In a miniature fury, the child flung herself between us and struck the old woman on the hip. Mrs. Hutchinson drew her close. The child stood still with her face in the flowered lap, her tiny white arms embracing the twin pillars of the woman’s legs.
I left them and went through the inner door. An unlit passageway lined with shelves ended in a flight of steps. I stumbled down them to a second door, which I opened.
The edge of the door struck softly against a pair of hind quarters. These happened to belong to Sheriff Ostervelt. He let out a little snort of angry surprise, and turned on me, his hand on his gun.
“Where do you think you’re going?”
“Coming in.”
“You’re not invited. This is an official investigation.”
I looked past him into the greenhouse. In the central aisle, between rows of massed cymbidiums, Mildred and Zinnie and Grantland were grouped around a body which lay face up. The face had been covered by a gray silk handkerchief, but I knew whose body it was. Jerry’s fuzzy tweeds, his rotundity, his helplessness, gave him the air of a defunct teddy bear.
Zinnie stood above him, incongruously robed in ruffled white nylon. Without makeup, her face was almost as colorless as the robe. Mildred stood near her, looking down at the dirt floor. A little apart, Dr. Grantland leaned on one of the planters, controlled and watchful.
Zinnie’s face worked stiffly: “Let him come in if he wants to, Ostie. We can probably use all the help we can get.”
Ostervelt did as she said. He was almost meek about it. Which reminded me of the simple fact that Zinnie had just fallen heir to the Hallman ranch and whatever power went with it. Grantland didn’t seem to need reminding. He leaned close to whisper in her ear, with something proprietary in the angle of his head.
She silenced him with a sidewise warning glance, and edged away from him. Acting on impulse – at least it looked like impulse from where I stood – Zinnie put her arm around Mildred and hugged her. Mildred made as if to pull away, then leaned on Zinnie and closed her eyes. Through the white-painted glass roof, daylight fell harsh and depthless on their faces, sistered by shock.
Ostervelt missed these things, which happened in a moment. He was fiddling with the lid of a steel box that stood on a workbench behind the door. Getting it open, he lifted out a piece of shingle to which a small gun was tied with twine.
“Okay, so you want to be a help. Take a look at this.”
It was a small, short-barreled revolver, of about .25 caliber, probably of European make. The butt was sheathed in mother-of-pearl, and ornamented with silver filigree work. A woman’s gun, not new: the silver was tarnished. I’d never seen it, or a gun like it, and I said so.

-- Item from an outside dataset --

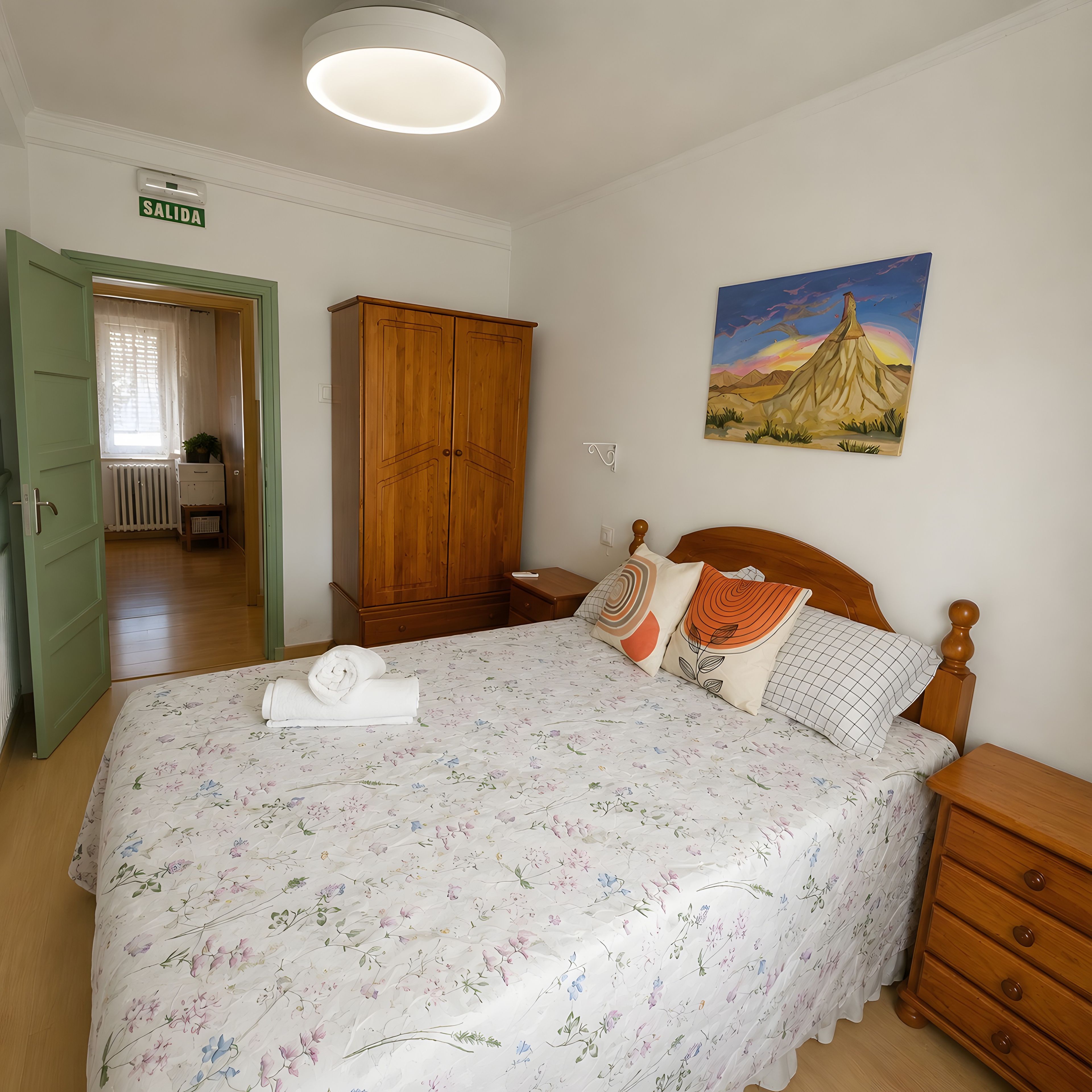 Un dormitorio con una cama, un armario de madera, un cuadro y una puerta con la etiqueta 'SALIDA'.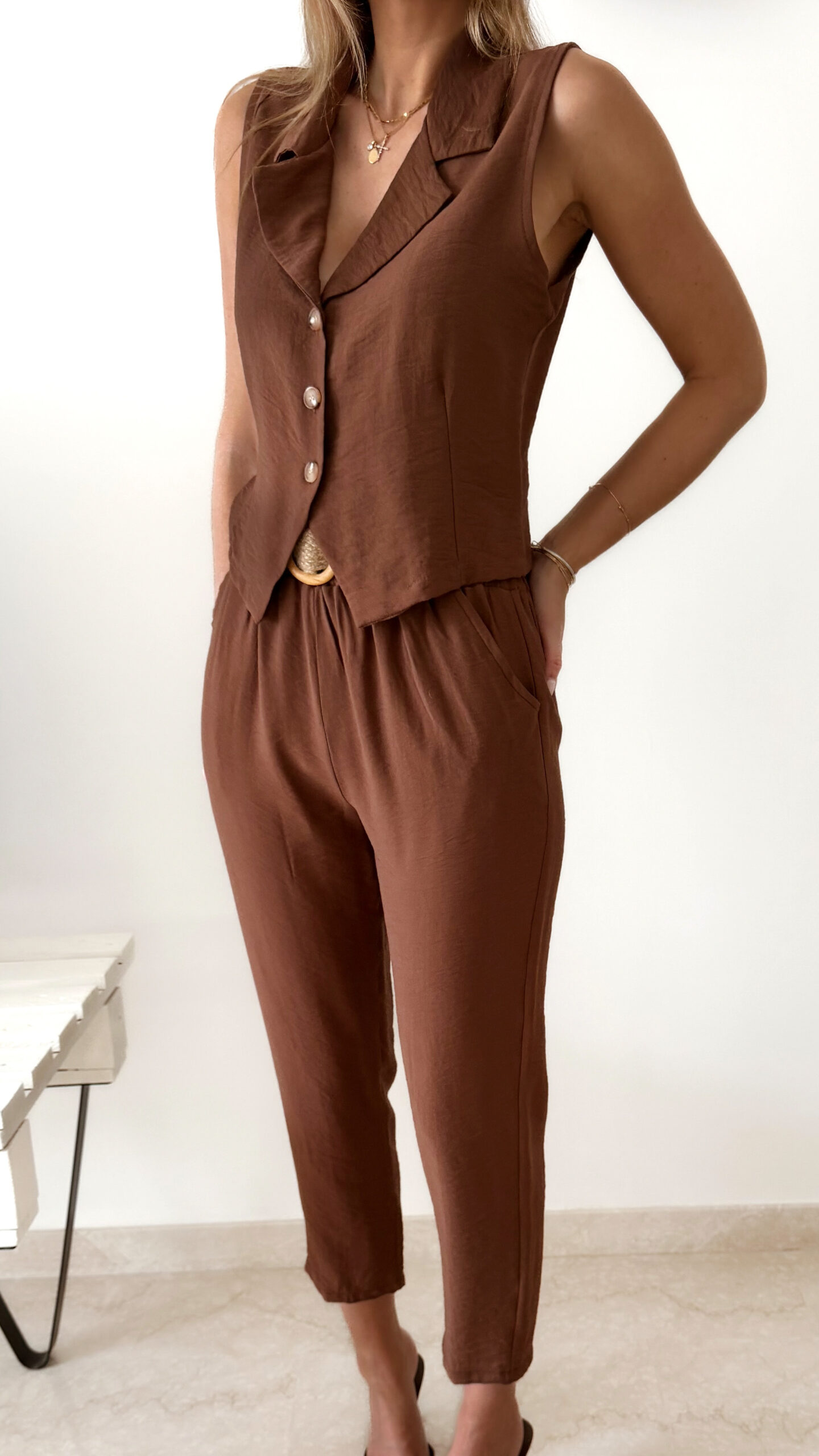Femme portant un ensemble marron composé d’un gilet sans manches boutonné et d’un pantalon fluide taille haute.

“Mrs. Hallman, Mrs. Carl Hallman, said you had some trouble with her husband this morning. He stole your car, is that right?”
“Yes, he took it.”
“Under what circumstances?”
“I was driving him back to the hospital. He came to my house early this morning, with some idea I might be able to help him. I figured the best thing I could do for him was talk him into going back in. It didn’t quite work.”
“What happened?”
“He took me by surprise – overpowered me.”
“What do you know?” Ostervelt smirked. “Did he pull this little gun on you?”
“No. He had no gun that I saw. I take it this is the gun that killed Hallman.”
“You take it correct, mister. This is also the gun the brother had, according to Yogan’s description of it. The doctor found it right beside the body. Two shells fired, two holes in the man’s back. The doctor said he died instantly, that right, Doctor?”
“Within a few seconds, I’d say.” Grantland was cool and professional. “There was no external bleeding. My guess is that one of the bullets pierced his heart. Of course it will take an autopsy to establish the exact cause of death.”
“Did you discover the body, Doctor?”
“I did, as a matter of fact.”
“I’m interested in matters of fact. What brought you out to the greenhouse?”